Indeed. That's what all terrorists have in common: the four lunatics in London earlier this month; the 19 men who attacked America on September 11, 2001; Timothy McVeigh in Oklahoma City, and many others. They were all convinced they had noble motives for wreaking their violence. Terrorists are very righteous folks. Which is why the real global war we’re fighting, let's be absolutely clear, should be one of our shared humanity against the madness of people like these; the rule of man-made laws on the books against the divine law they imagine for themselves. It's the cause of reason against unreason, of self-criticism against the firm convictions of fanaticism.

He goes on to explore something we've discussed often here: the hard reality that terrorism does not always come from abroad, from brown-skinned foreigners, but often from our own midst as well; and that at the root of all of them lies a broad disaffection with modernity; and that truly winning the fight against terrorism requires us to confront and defuse that disaffection.

He also explores how this reality stands in stark contrast to the "war on terror" our current leaders have given us:
But if the war of ideas that British Prime Minister Tony Blair talks about is going to be won -- and he's right in saying that's the core battle -- then the difference between rationalism and obscurantism should be underlined at every opportunity. And that's not what's happening. Instead, since the detour into Iraq it seems the intellectual compass of those who led us there has gotten lost in a fog of moral pieties, and sweet reason has surrendered to missionary zeal.

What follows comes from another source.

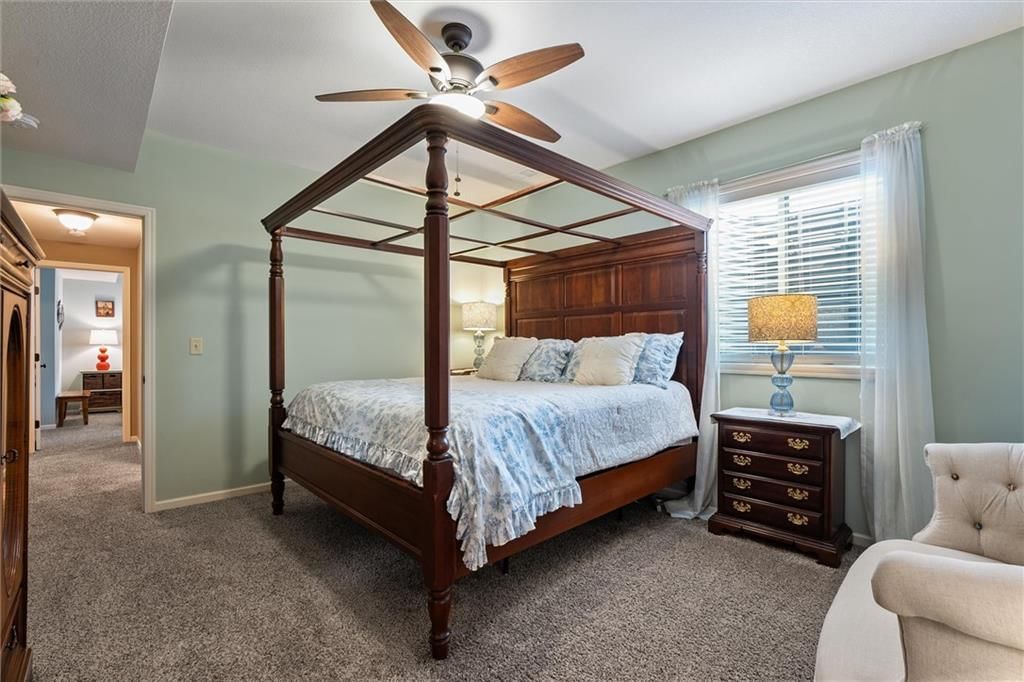 2314 W Hazelwood Street — photo 33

To be a true believer in the Global War on Terror you are supposed to believe that we are fighting terrorists in Iraq, but that they would never think of fighting back outside of Iraq. Any effort to understand the enemy or his motivations is treated as an apology for what he does. At times we seem to be infected by the very pathology we are fighting against.

In case there's any doubt that domestic terrorism remains a potent force, you can turn to the recent U.S. News and World Report piece outlining just how extensive their activities have in fact been even since Oklahoma City:
In the 10 years since the 1995 Oklahoma City bombing killed 168 people, roughly 60 right-wing terrorist plots have been uncovered in the United States, according to an upcoming report by the Southern Poverty Law Center's Intelligence Project. The plots, all foiled by law enforcement, reportedly included violent plans by antigovernment militia groups, racist skinhead organizations, and Ku Klux Klan members to use various types of chemical bombs and other weapons.

It's important to understand that this terrorism was defeated precisely because we undertook a law-enforcement approach to defeat it. Much of the success was predicated on solid intelligence-gathering and threat assessment, as well as appropriate timing for law-enforcement action. In other cases -- especially those since 9/11 -- we simply got lucky.

Some instances from the SPLC report:
-- May 20, 2005: Two New Jersey men, Craig Orler and Gabriel Garafa, who allegedly belong to neo-Nazi and skinhead groups, were charged with illegally selling to police informants guns and 60 pounds of urea to use in a bomb.

-- Oct. 25, 2004: FBI agents in Tennessee arrested Demetrius "Van" Crocker after he allegedly tried to purchase ingredients for deadly sarin nerve gas and C-4 plastic explosives from an undercover agent. Crocker, who was involved with white supremacist groups, was charged with trying to get explosives to destroy a building and faces more than 20 years in prison.

-- April 10, 2003: The FBI raided the home of William Krar, of Noonday, Texas, and discovered an arsenal of more than 500,000 rounds of ammunition, 65 pipe bombs and remote control briefcase bombs, and almost 2 pounds of sodium cyanide, enough to make a bomb that could kill everyone in a large building. Krar, reportedly associated with white supremacist groups, was sentenced to 11 years in prison for possession of a chemical weapon.

In many of these cases, the potential for mass casualties -- probably not as great as 9/11, but equal to or greater than the London or Madrid bombings -- was very high.

Of course, I've also written previously that Oklahoma City was the first major strike against us in the fight against terrorism -- we just didn't recognize it at the time. Maybe, slowly, we'll get there.